1) An adhoc login for teachers to allow something to be unblockedfor a specified period of time –

Teachers should have the ability to “sign into” the filtration service at their school. Then, they could use their username and password to enable a certain search or service for a specified period of time (i.e. October 30th from 8 – 9 am) I want youtube to be unblocked.

All use (or abuse) of the unblocked service would then be monitored. It would be the teacher’s responsibility for monitoring the use in their classroom. It would be tracked and monitored under the teacher’s user id. Think of it like signing up for a video projector or television cart. You are signing up for the use of a resource – access to a certain site or location.

Distributed filtration
2) Distributed filtration methodologies –

One of the drawbacks with the first suggestion is that some schools have one filtration service for the entire school system or school. I believe if there was a mechanism to have a primary filter installed for the school, but for technology classrooms to have their own filtration either through a virtual partition or separate device.

This would allow the technology classrooms to unblock and allow certain domains without affecting access for the whole school.

Let people do their job and hold them accountable.

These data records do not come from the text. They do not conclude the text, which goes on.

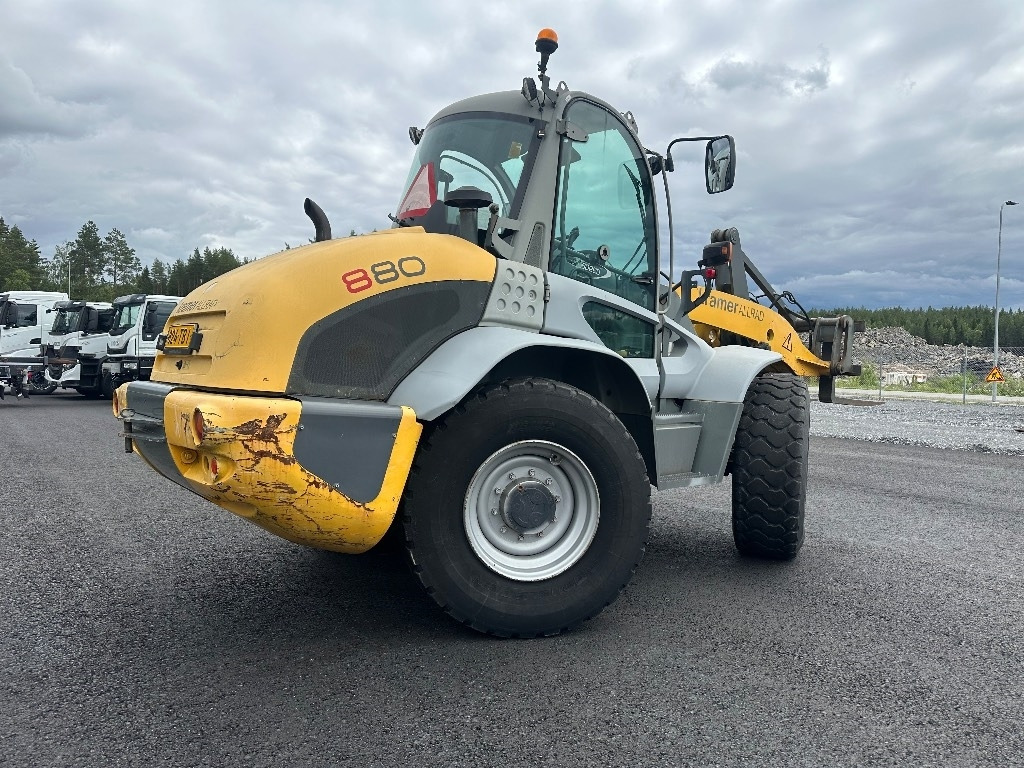 Kramer-allrad 880 4x4 - מעמיס קומפקטי: תמונה 4 Kramer-allrad 880 4x4 - מעמיס קומפקטי: תמונה 4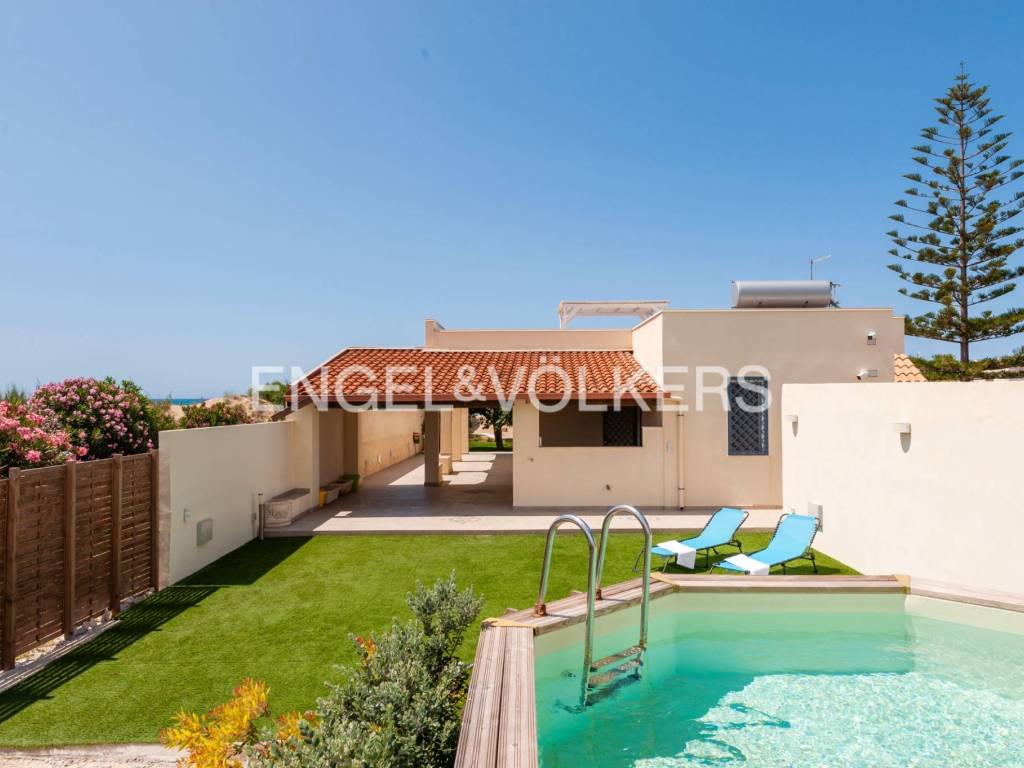 casa indipendente in vendita a Pachino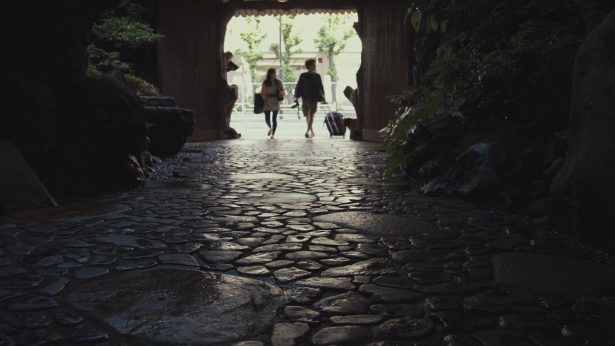 ご結婚式当日のご両親へのご挨拶 三つ指をついて つきじ治作にて ウェディングドキュメンタリー撮影のブーケアンドリール ご結婚式当日のご両親へのご挨拶 三つ指をついて つきじ治作にて ウェディングドキュメンタリー撮影のブーケアンドリール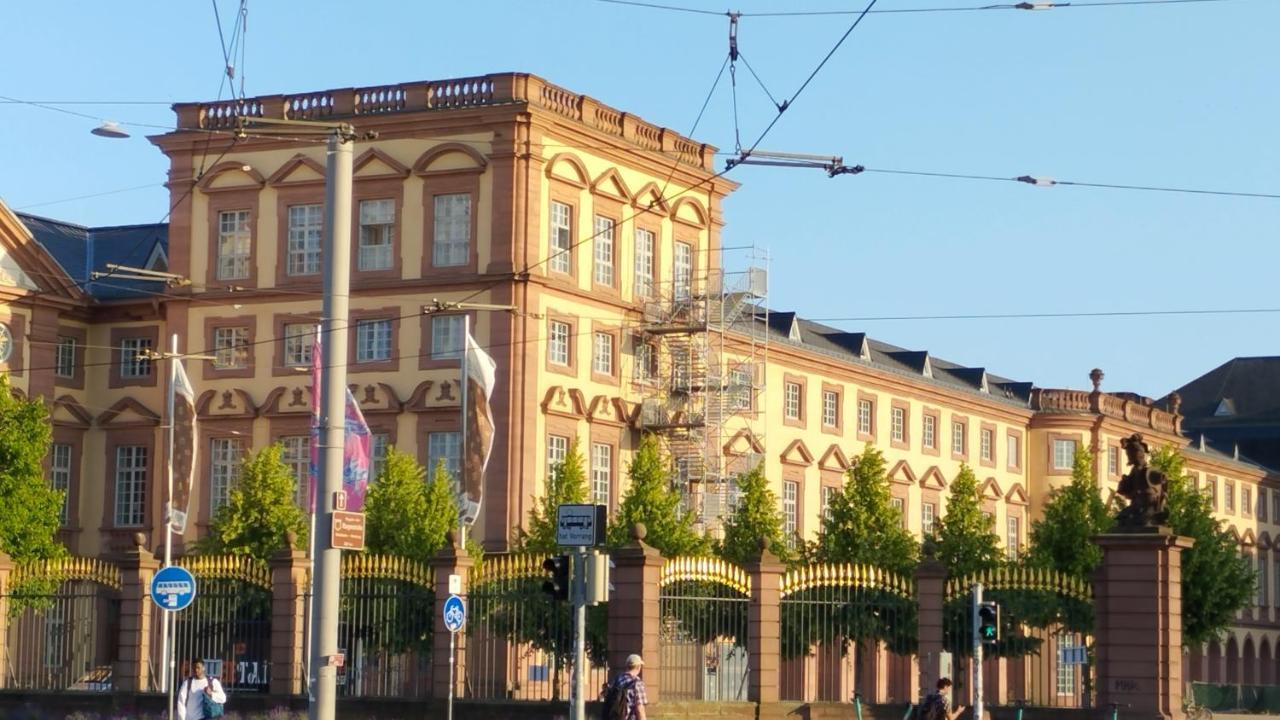 Mannheim City Hostel Zimmer 4 - Hostel Liudao Екстериор снимка
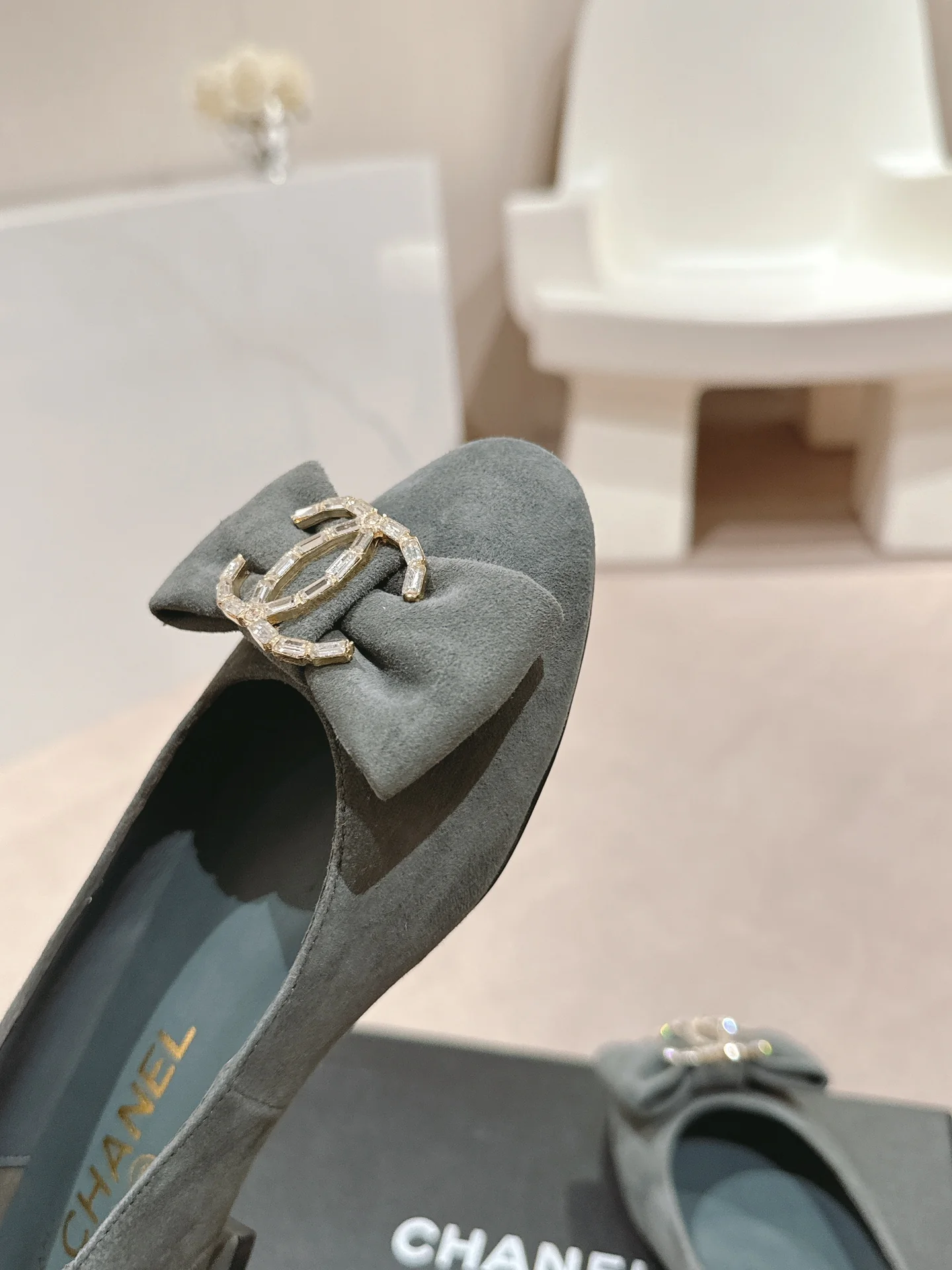 Туфли на низком каблуке Chanel 2024 Ribbon, серые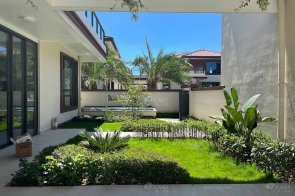 海南萬寧太陽河君瀾-意式現(xiàn)代簡(jiǎn)約別墅樣板間家具項(xiàng)目完工擺場(chǎng)實(shí)拍!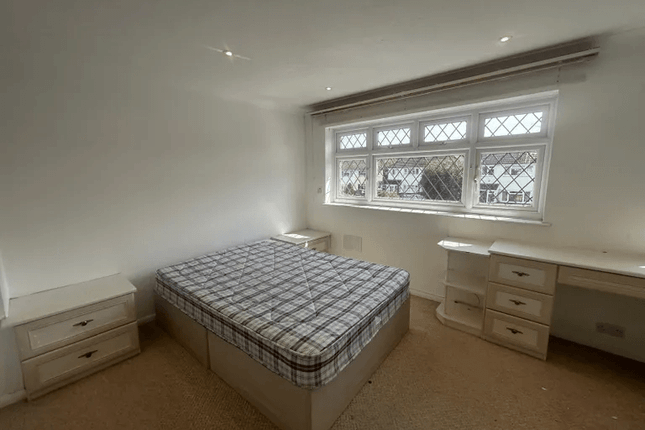 12 LODGE WAY, SHEPPERTON, SHEPPERTON photo 5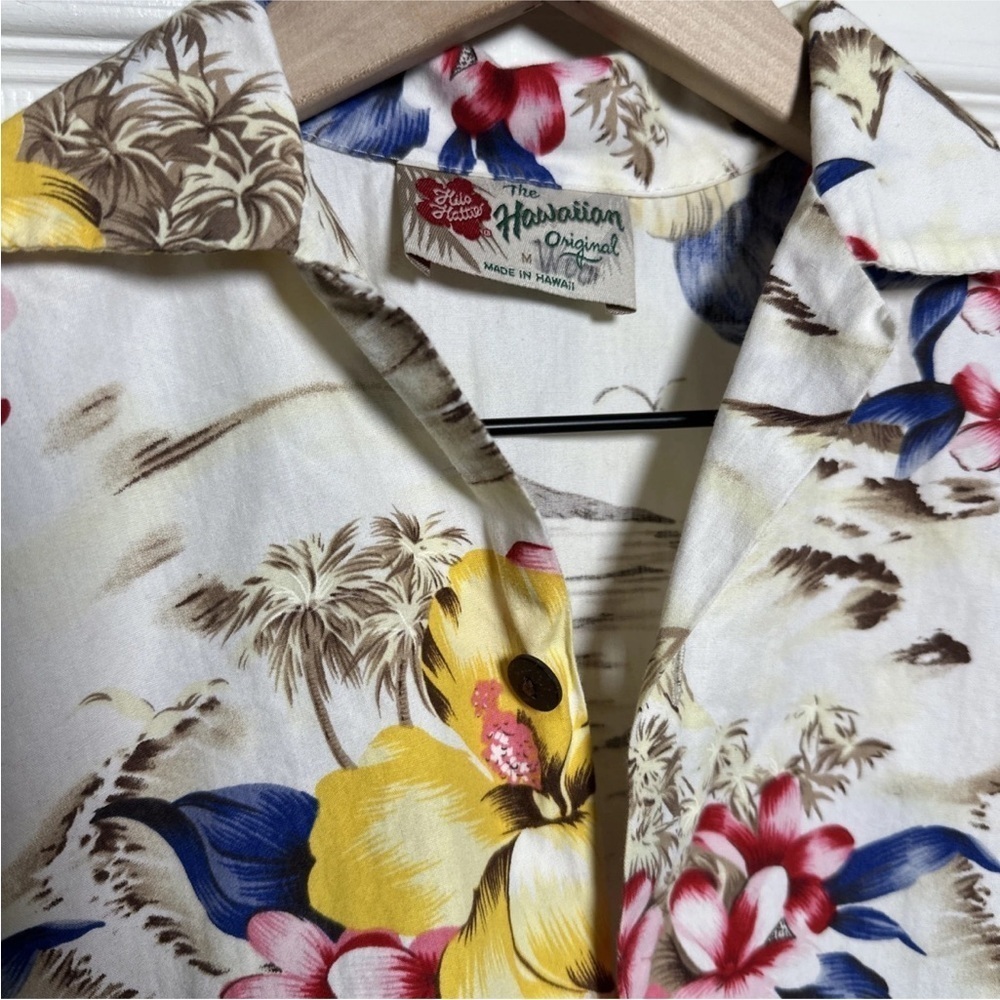 Hilo Hattie Top Floral Aloha Hawaiian Button Down Tropical USA Made Medium - Picture 7 of 13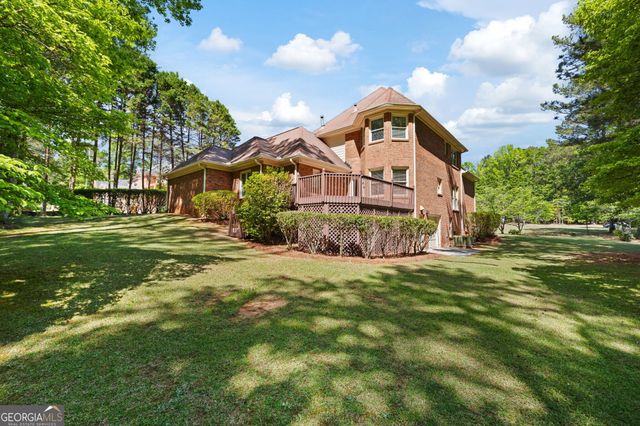 280 Camelot Drive, Fayetteville, GA 30214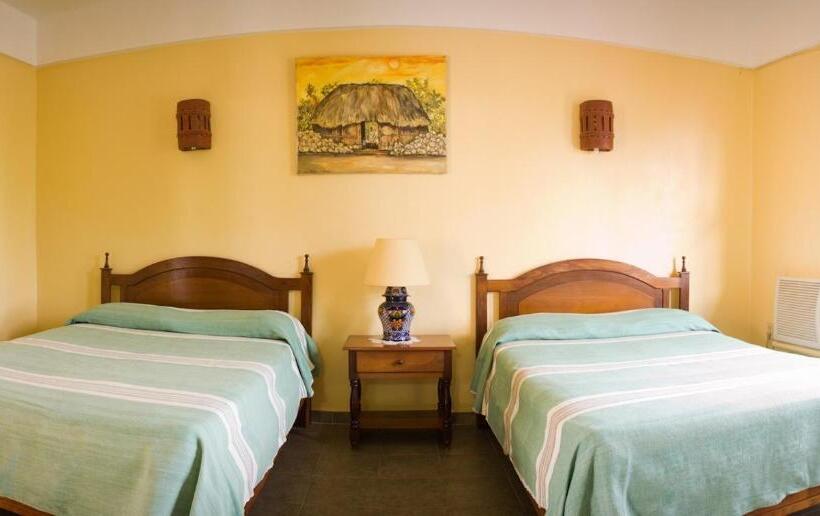 هتل Real Del Mayab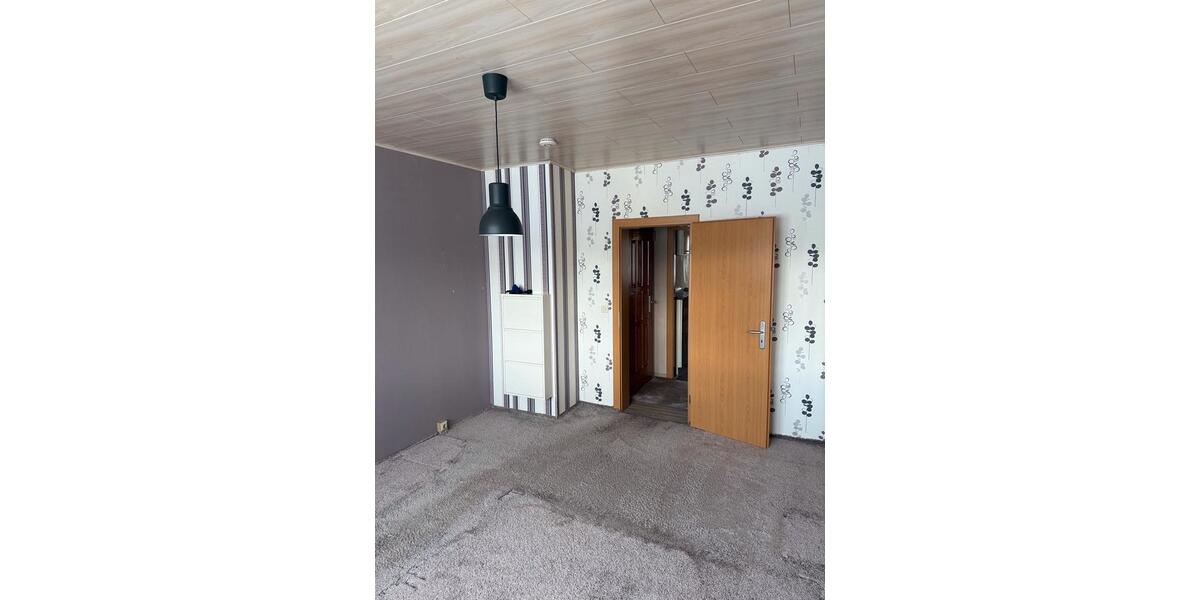 Gepflegte 4- Zimmer- Wohnung mit Einbauküche, Ruhige Lage 4 zimmer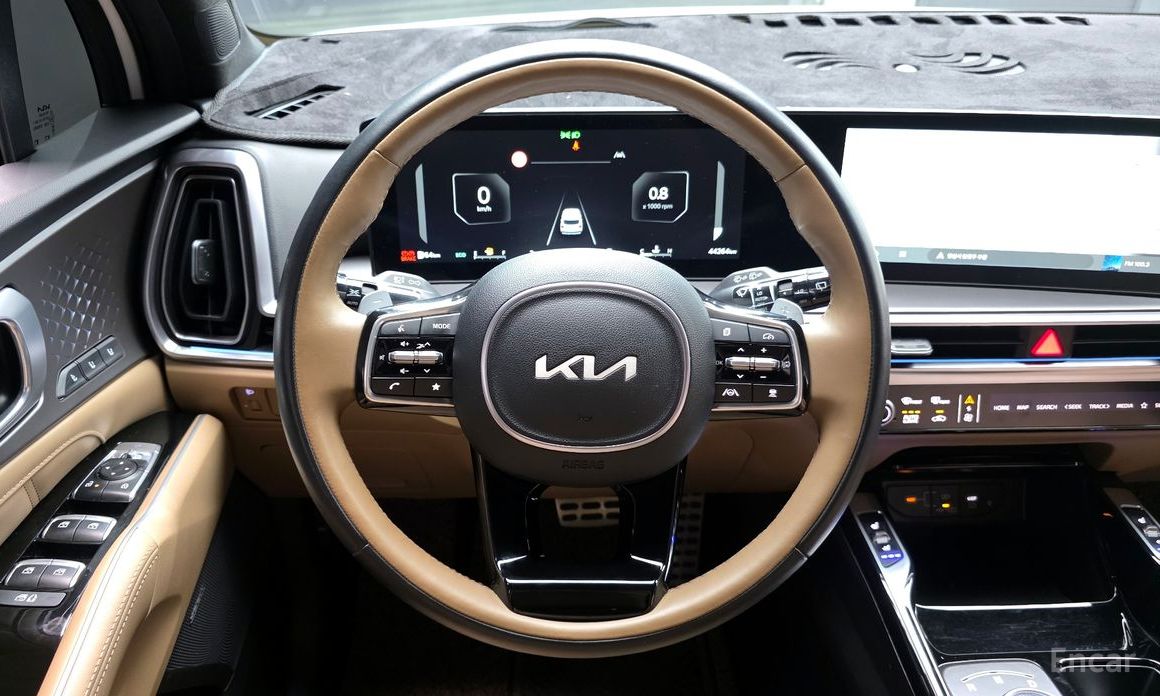2024 Kia Sorento IV Рестайлинг Diesel 2.2 4WD Gravity с пробегом 44 264 км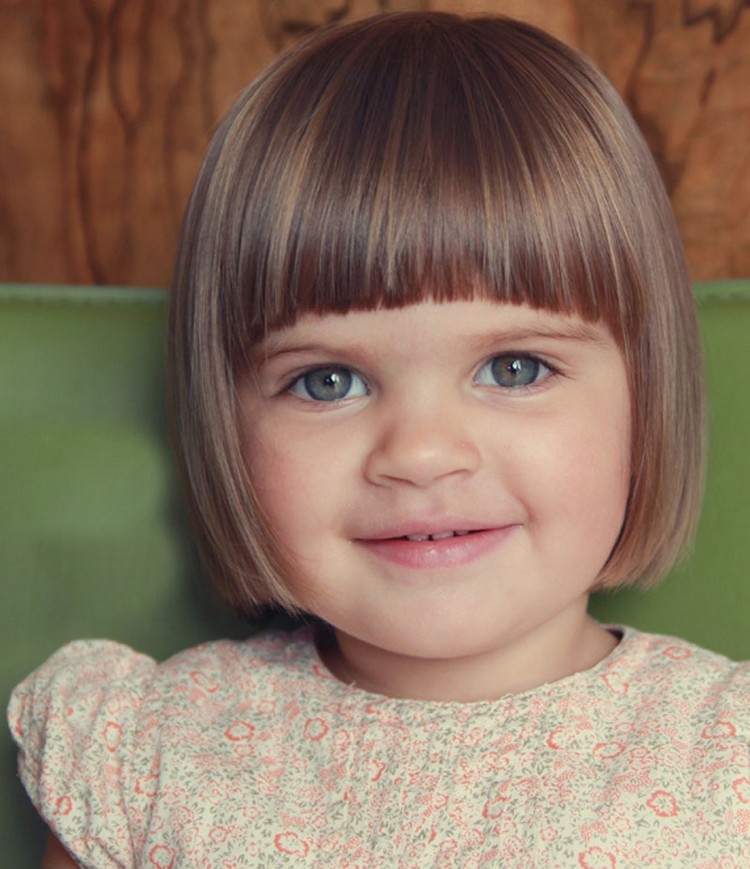 Comment couper les cheveux d'une petite fille 5 ans ?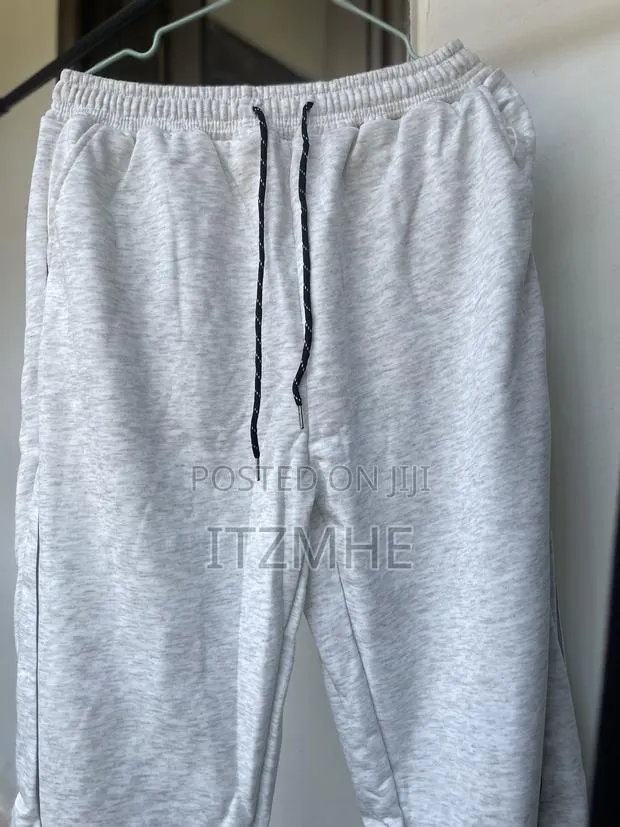 Quality Unisex Joggers · Photo 1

Stop throwing rocks, please!

We have too much to do to keep throwing rocks at one another! Fighting over filtration causes resentment, inefficiencies, and frustration. There are valid points on both ends of the filtration discussion, however, the bottom line is this… student learning.

Student learning…

Student learning…

Not, "it needs to be easy for a technology administrator to manage."

I’m sorry, but classrooms are tough to manage too. Nothing about schools are easy and caveats abound. (Just ask principals who scratch their head with the student who always seems to find the one thing left out of the handbook!)

Neither does it does need to be, "everything should be unblocked and let teachers do anything they desire." We as teachers must be responsible and accountable.

The Fact about "Sex"

I mean, really, what teenage boy can resist typing in “sex” at Google? The word "Sex" should be blocked in 99.9% of the cases in schools.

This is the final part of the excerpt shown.